Travelling along the Tokaido Road had some restrictions and checkpoints, known as seki, were set up by the Tokugawa government, where guards stood watch, and turned back those who did not have the appropriate passes. Even in the city of Edo there were restrictions and each section of the city, known as machi was closed off by wooden gates called kido.  These gates were shut every night, and re-opened early in the morning and so a traveller wishing to start on the first stage of the Tokaido route, at the Nihon-bashi literally “Japan Bridge” in the heart of Edo would have to wait until the kido at the bridge was opened.

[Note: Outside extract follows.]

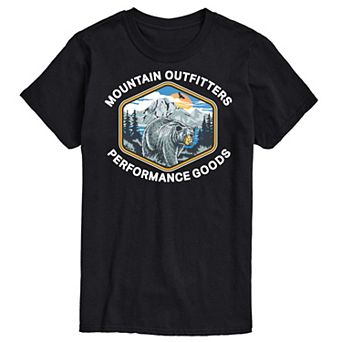 Men's Mountain Outfitters Tee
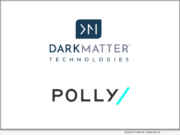 Dark Matter Technologies integrates Polly’s advanced PPE engine into the Empower LOS platform Dark Matter Technologies integrates Polly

Nihonbashi: Daimyō Procession Setting Out

Hiroshige’s journey started in the eighth month of 1832 at the Nihonbashi starting point. It was also from here that the Daimyō Procession started their annual pilgramige. Among the travellers on the Tōkaidō were the processions of the great daimyō, powerful Japanese magnates, and  feudal lords who, from the 10th century to the middle 19th century, ruled most of Japan from their vast, hereditary land holdings. They were subordinate to the shogun.  They were directed to spend every other year at the Shōgun’s court to prevent them from organizing rebellions, and the group travelled back and forth in huge processions numbering hundreds of people.

No.2.  Shinagawa: Sunrise by Hiroshige

The first stop-off point on Hiroshige’s journey along the Tokaido Road journey was at Shingawa, a suburb of Edo.

No.3. Kawasaki: The Rokugo Ferry by Hiroshige (1833).

In the third of the series we see the Rokugo Ferry at Kawasaki depicted.  It is a tranquil river scene in which we witness a ferry carrying six passengers.  On the Kawasaki shore we see future passengers along with their horse who have to wait for the ferry’s return.  Mount Fuji appears in the upper-right of the print.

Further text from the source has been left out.